The Evangelical Methodist Camp has been a ministry of the Evangelical Methodist Church of America for 50 years. The Evangelical Methodist Church purchased the property of the former Boy Scout Camp Chiquetan and dedicated the camp for Christian ministry on July 5, 1975. The camp immediately began to host various youth groups, churches, and family camping activities that summer.
Though the Promised Land Camp of Lancaster County has since expanded, hosting: retreats, family camps, banquets, hymn sings, and conferences, the mission of the camp has remained the same - to proclaim the name of Christ, evangelize the lost, and equip the saints with the Word of the Living God.
1. To glorify God through the edification of Christians by the teaching of God's Word.
2. To develop the young people of our churches for a life of Christian service.
3. To train young people in Christian living by teaching them to feed daily on God's Word and by prayer.
4. To reach unsaved young people by teaching them the necessity of the new birth through faith in the Lord Jesus Christ according to the Word of God.

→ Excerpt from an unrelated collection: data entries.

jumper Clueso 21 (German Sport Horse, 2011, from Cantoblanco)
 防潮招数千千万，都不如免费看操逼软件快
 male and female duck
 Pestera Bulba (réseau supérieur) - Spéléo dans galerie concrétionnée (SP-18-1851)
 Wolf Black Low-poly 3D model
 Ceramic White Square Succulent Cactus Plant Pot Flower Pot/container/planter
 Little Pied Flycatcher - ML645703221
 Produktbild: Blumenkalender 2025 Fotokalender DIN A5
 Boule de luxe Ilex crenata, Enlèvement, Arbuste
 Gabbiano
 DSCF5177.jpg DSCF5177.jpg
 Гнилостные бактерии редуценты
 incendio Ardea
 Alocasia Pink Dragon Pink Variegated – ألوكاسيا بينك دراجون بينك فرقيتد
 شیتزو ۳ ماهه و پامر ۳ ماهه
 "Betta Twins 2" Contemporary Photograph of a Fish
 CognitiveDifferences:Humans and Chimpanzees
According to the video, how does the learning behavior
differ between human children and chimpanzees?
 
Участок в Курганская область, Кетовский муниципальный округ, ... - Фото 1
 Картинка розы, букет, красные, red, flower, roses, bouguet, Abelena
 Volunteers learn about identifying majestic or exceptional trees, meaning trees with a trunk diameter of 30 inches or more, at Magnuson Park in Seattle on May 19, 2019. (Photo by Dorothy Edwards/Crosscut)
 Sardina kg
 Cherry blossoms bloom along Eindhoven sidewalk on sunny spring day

5. To accomplish similar purposes and spiritual results with adults through recreational camping, Bible conferences, and evangelistic camp meetings.
6. To provide facilities for various church and Sunday School activities in keeping with the general purposes outlined above.
We are delighted to partner with others who share our commitment to the truth of God’s Word and the gospel of Jesus Christ. In order to preserve the unity of purpose and mission of the camp, all groups renting our facilities must affirm our doctrinal statement:
Concerning Scripture: We believe the Bible is the infallible, inspired, inerrant Word of God and has been preserved by Almighty God. We believe that the Scriptures are the sole authority for faith and practice.
Concerning God: The God of the Bible is the infinite and perfect Spirit in whom all things have their founding, support, and completion (Romans 11:36; 1 Corinthians 8:6; Colossians 1:16-17). God has revealed himself to mankind (Exodus 3:14; Isaiah 43:13; 1 Thessalonians 1:9) and He is known by His attributes. The Bible tells us that God is holy, majestic above all of His creation, separate from all that is unclean. He is self existent; infinite, omnipotent, omniscient, omnipresent, eternal, immutable, and incomprehensible. God is perfect, all-wise, the only true God, righteous, faithful, loving, merciful, and gracious. The one true God exists wholly and indivisible, simultaneously and eternally, in three persons: Father, Son, and Holy Spirit. He is three persons in one essence. Each person is forever and equally God, yet each has unique functions.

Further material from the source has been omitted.